2. Use water-soluble glue or pressing sheets instead of pinning
Pinning is time consuming and sometimes unreliable. By using water-soluble glue, you can line up your pieces precisely and quickly. When finished, just wash your quilt and the glue will be gone! You can use pressing sheets to iron fabrics together, which will also wash out afterwards.
3. Apply bias strips to bind your edges
Got a lot of curves in your quilt? Don’t want mitered corners? Cut some bias strips to bind your edges and help your needle grab the fabric. This helps your edges to look cleaner and prevent gathering.
4. Swap out your scissors
Scissors aren’t always the best tool for cutting fabric. Get a rotary cutter to make trimming quilts faster.
5. Strip quilting
If you’re feeling spontaneous, give strip quilting a try! Strip quilting requires no patterns and is a great way to use up some fabric scraps. Quilt as you go by sewing strips onto batting in your order of choice.

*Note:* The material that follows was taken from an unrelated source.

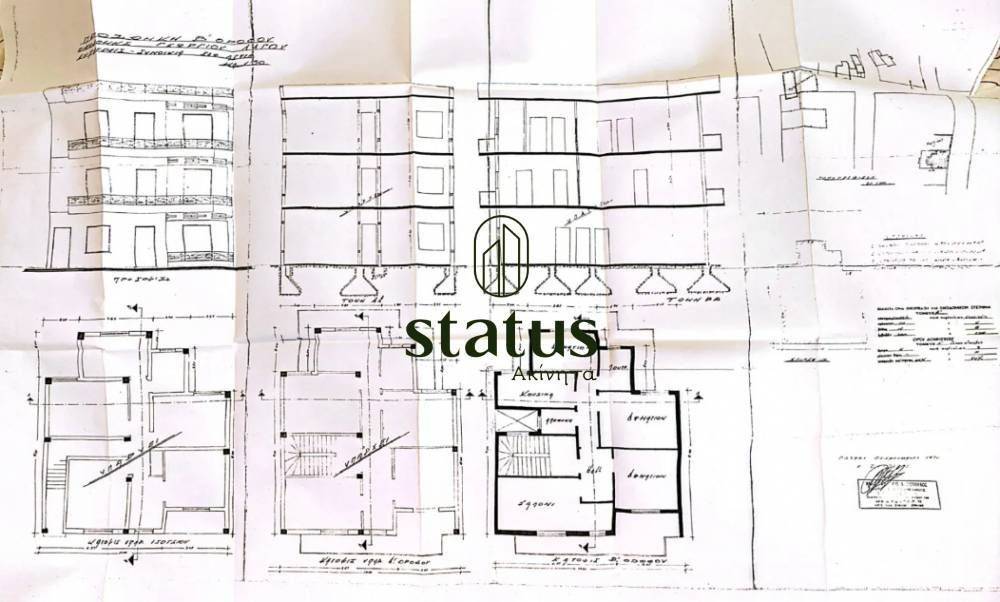 ΟΙΚΟΔΟΜΙΚΑ ΣΧΕΔΙΑ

Additionally, this is a great technique for creating ombre effects or landscapes!
6. Spinning intersections
When sewing four-patch squares, the fabric can easily become bulky instead of laying flat. To remedy this, you can make a spinning intersection. Break the thread in the middle seam of the square and fold up. Press so that the seams are all rotating around the square in the same direction.
7. Use a walking foot for machine quilting
Different quilting techniques call for different sewing machine feet. You can use a quarter inch foot for sewing small seams and piecing together your quilt. However, using a walking foot for your binding and heavier quilting will better feed the fabric through the machine.
8. Fine line chalk markers
There is some debate on what tools are best for marking fabric. If you are worried about quilt markers not washing out, fine line chalk markers are a great option. Especially if you want to do more detailed, finer designs.
9. Squaring up blocks at the earliest point when assembling a quilt
Sounds like a no brainer, huh? But sometimes the easiest tips make the biggest difference. If you square up your blocks immediately, you won’t run into problems later! Ensure that your blocks are the same size by using your quilting ruler at every point of quilt construction.
10. And last but not least…
Do your best! Nobody’s perfect!
Quilting can be tough, but no matter how many seams you need to rip just remember – nobody’s perfect! Happy quilting!